Understanding Large Codebases: Why AST Analysis Beats Asking an LLM

#python #ai #programming #architecture

TL;DR

LLMs are probabilistic—they predict text; they don't parse logic. When navigating massive legacy codebases, "guessing" isn't enough. By using Abstract Syntax Trees (AST) and Cyclomatic Complexity, you can map out technical debt deterministically instead of relying on an AI's "vibe check."

The 2:00 AM Inheritance

Last week, I inherited a 50,000-line Python monolith.

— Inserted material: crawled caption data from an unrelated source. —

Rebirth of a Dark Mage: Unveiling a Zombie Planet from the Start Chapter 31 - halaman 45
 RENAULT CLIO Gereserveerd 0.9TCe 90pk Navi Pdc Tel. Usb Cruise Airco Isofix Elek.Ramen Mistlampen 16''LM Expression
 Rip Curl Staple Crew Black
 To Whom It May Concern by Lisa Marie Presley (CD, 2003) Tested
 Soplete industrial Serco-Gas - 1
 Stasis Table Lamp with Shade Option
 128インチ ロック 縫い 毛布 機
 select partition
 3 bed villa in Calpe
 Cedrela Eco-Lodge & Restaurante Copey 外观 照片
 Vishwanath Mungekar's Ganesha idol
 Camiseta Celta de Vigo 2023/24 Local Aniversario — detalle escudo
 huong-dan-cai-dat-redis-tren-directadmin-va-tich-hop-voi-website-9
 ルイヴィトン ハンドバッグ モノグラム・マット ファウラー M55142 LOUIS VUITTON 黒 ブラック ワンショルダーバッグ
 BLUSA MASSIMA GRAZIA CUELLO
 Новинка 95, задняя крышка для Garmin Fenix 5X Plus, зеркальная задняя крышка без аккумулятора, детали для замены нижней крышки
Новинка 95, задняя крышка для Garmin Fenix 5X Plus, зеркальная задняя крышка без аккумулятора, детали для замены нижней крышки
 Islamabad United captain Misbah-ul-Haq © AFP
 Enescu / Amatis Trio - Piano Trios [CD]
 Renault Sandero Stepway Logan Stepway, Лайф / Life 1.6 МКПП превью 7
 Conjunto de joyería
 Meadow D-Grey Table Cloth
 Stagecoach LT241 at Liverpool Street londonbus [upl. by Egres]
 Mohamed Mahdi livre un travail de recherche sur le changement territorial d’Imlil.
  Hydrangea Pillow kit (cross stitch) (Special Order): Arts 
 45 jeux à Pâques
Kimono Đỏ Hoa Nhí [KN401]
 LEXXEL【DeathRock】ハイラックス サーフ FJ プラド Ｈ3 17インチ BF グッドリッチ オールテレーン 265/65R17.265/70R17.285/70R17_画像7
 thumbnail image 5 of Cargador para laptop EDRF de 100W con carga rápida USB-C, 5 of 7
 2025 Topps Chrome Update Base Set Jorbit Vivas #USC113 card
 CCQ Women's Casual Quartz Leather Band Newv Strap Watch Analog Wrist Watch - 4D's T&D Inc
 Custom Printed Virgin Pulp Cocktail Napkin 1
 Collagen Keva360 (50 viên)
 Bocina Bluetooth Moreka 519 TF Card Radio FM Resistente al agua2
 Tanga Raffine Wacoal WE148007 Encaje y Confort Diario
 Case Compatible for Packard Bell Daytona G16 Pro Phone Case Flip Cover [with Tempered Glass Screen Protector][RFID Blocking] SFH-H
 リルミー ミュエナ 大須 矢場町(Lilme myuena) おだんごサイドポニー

You know the type: a Django app from 2017 with six different authentication schemes, import statements that circle back on themselves, and a utils.py that was somehow 3,000 lines long.

My first instinct? Ask an LLM to explain it.

The response was… fine. It gave me a plausible architectural overview and identified some patterns. But when I drilled into specific files, the LLM’s confidence didn’t match reality. It would describe a function’s behavior perfectly but miss that it had a cyclomatic complexity of 23 and was nested seven layers deep in exception handlers.

That’s when it clicked: LLMs are great at natural language, but code isn’t natural language. It’s a formal grammar with a deterministic structure. If you want to understand structure, you need structural tools.

The Bottleneck is Mapping, Not Reading

When we talk about "technical debt," we’re really talking about mental load. How long does it take a human to load this codebase into their brain?

Reading code top to bottom is like trying to understand a skyscraper by walking through it blindfolded. You’ll eventually get there, but it’s slow and error prone. You need a mental model of:

Which functions call which other functions?
How do files relate to each other?
Where does the complexity actually live?

An LLM can summarize what it sees, but it’s fundamentally probabilistic. It can't tell you that Function A has 18 execution paths while Function B has 3. That distinction matters when you’re deciding what to refactor first.

The Ground Truth: Abstract Syntax Trees (AST)

Every piece of code you write is parsed into an Abstract Syntax Tree (AST) by the interpreter before it ever runs. That tree is the "ground truth" of your program.

When you visualize an AST, you can literally see complexity:

Deep branches: Heavily nested loops and conditionals.
Wide branches: Functions with too many decision paths.
Tangled roots: Circular dependencies.

Instead of asking an AI "is this code complex?", AST-based tools allow you to measure it.

The Math of Bugs: Cyclomatic Complexity

One of the most useful signals you can extract from an AST is Cyclomatic Complexity. Developed by Thomas McCabe, it measures the number of independent paths through a function’s code.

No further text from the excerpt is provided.